[Stored items]
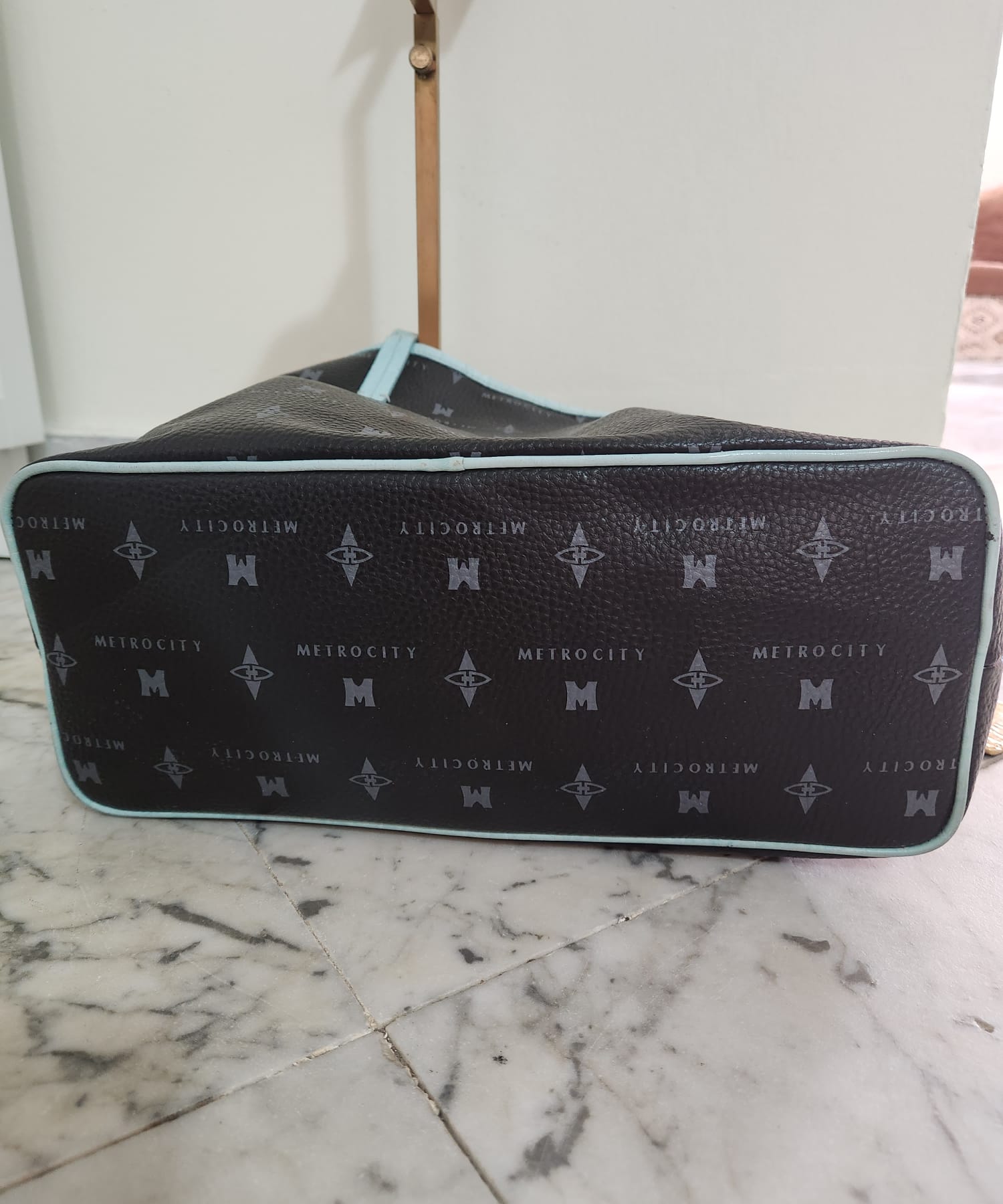 Metro City Bag (used) - Image 5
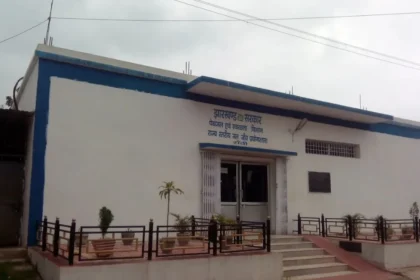 Niranjan, the chief engineer posted in the drinking water department, owns property worth Rs 300 crore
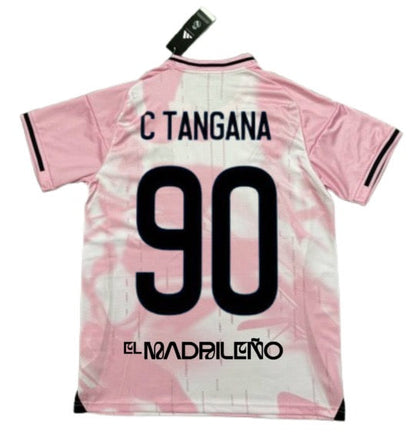 Real Madrid x C Tangana édition rose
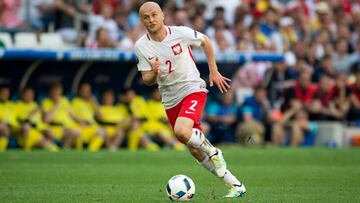 Pazdan con la selecci&oacute;n de Polonia en un partido de la Eurocopa 2016.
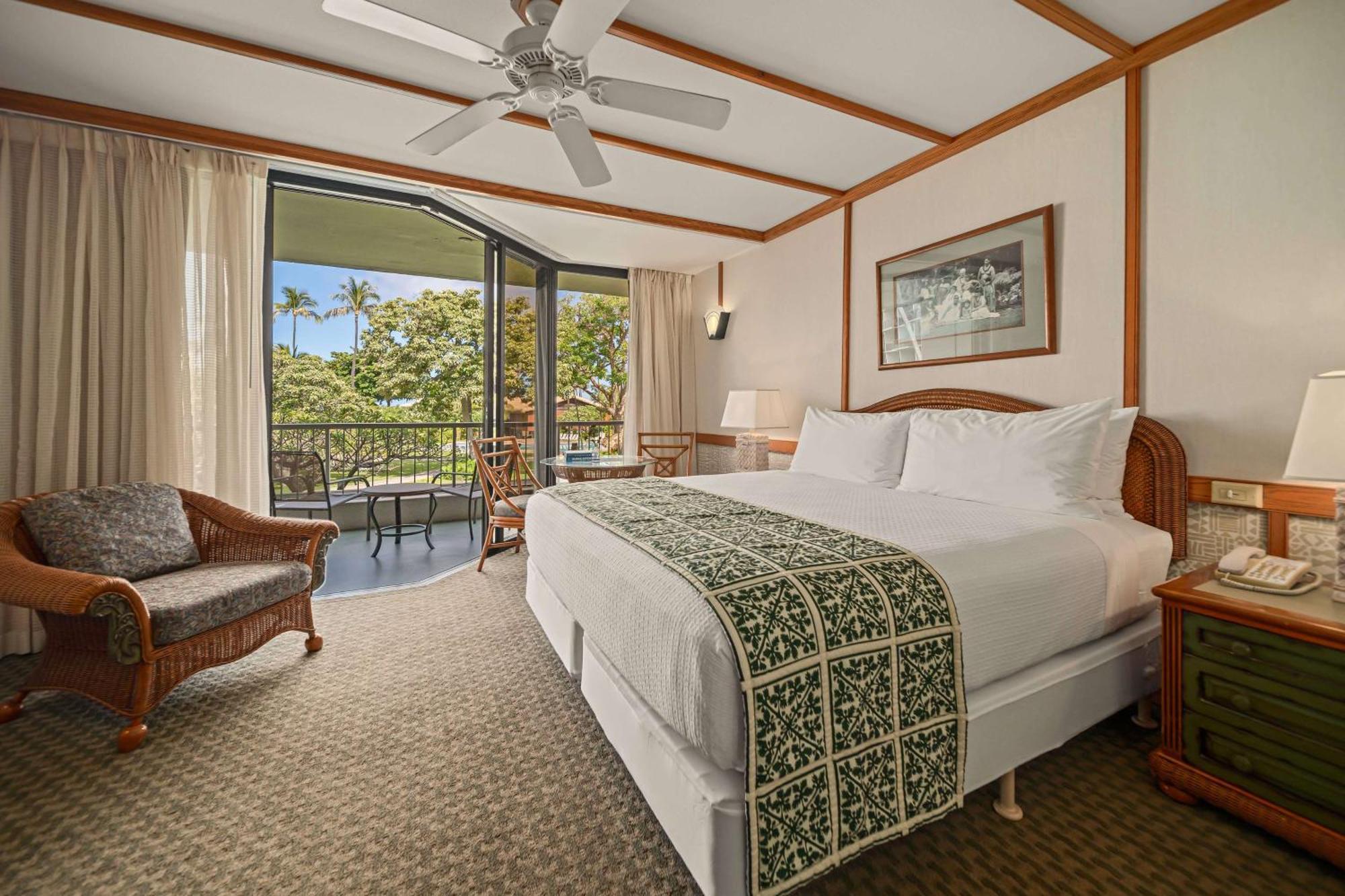 Outrigger Kaʻanapali Resort 3*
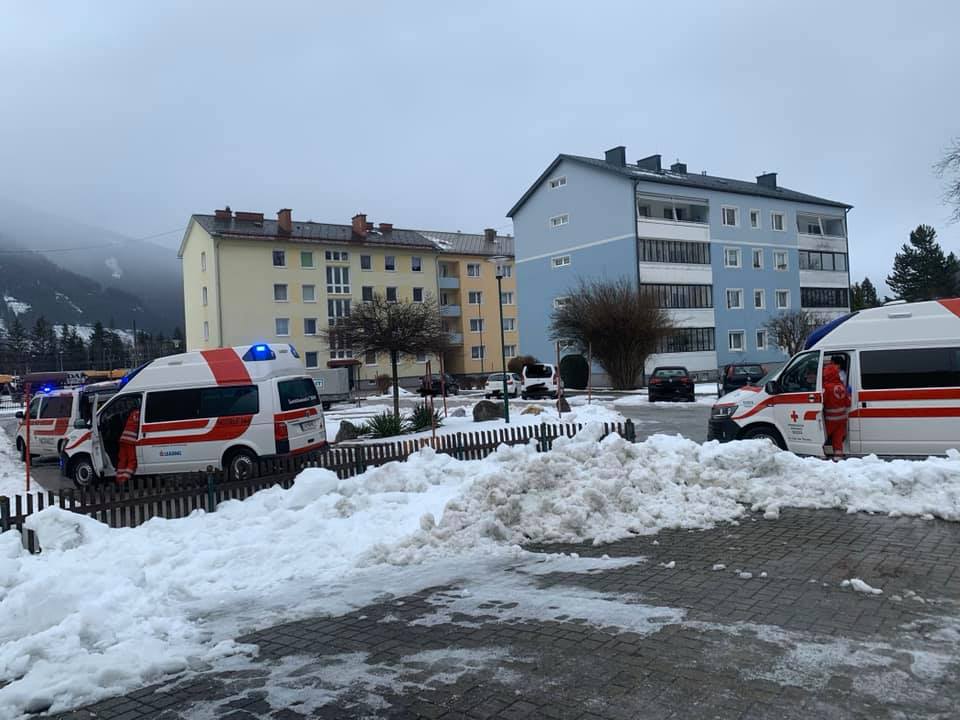 Einsatz Gasalarm in einem Mehrparteienhaus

* _Task requirements_
The final stretch of the data, from the line with "Niranjan, the chief" through its last line, is to be retyped exactly; pictures are not part of the copy.

* _Answer_
 Niranjan, the chief engineer posted in the drinking water department, owns property worth Rs 300 crore
 Real Madrid x C Tangana édition rose
 Pazdan con la selecci&oacute;n de Polonia en un partido de la Eurocopa 2016.
 Outrigger Kaʻanapali Resort 3*
 Einsatz Gasalarm in einem Mehrparteienhaus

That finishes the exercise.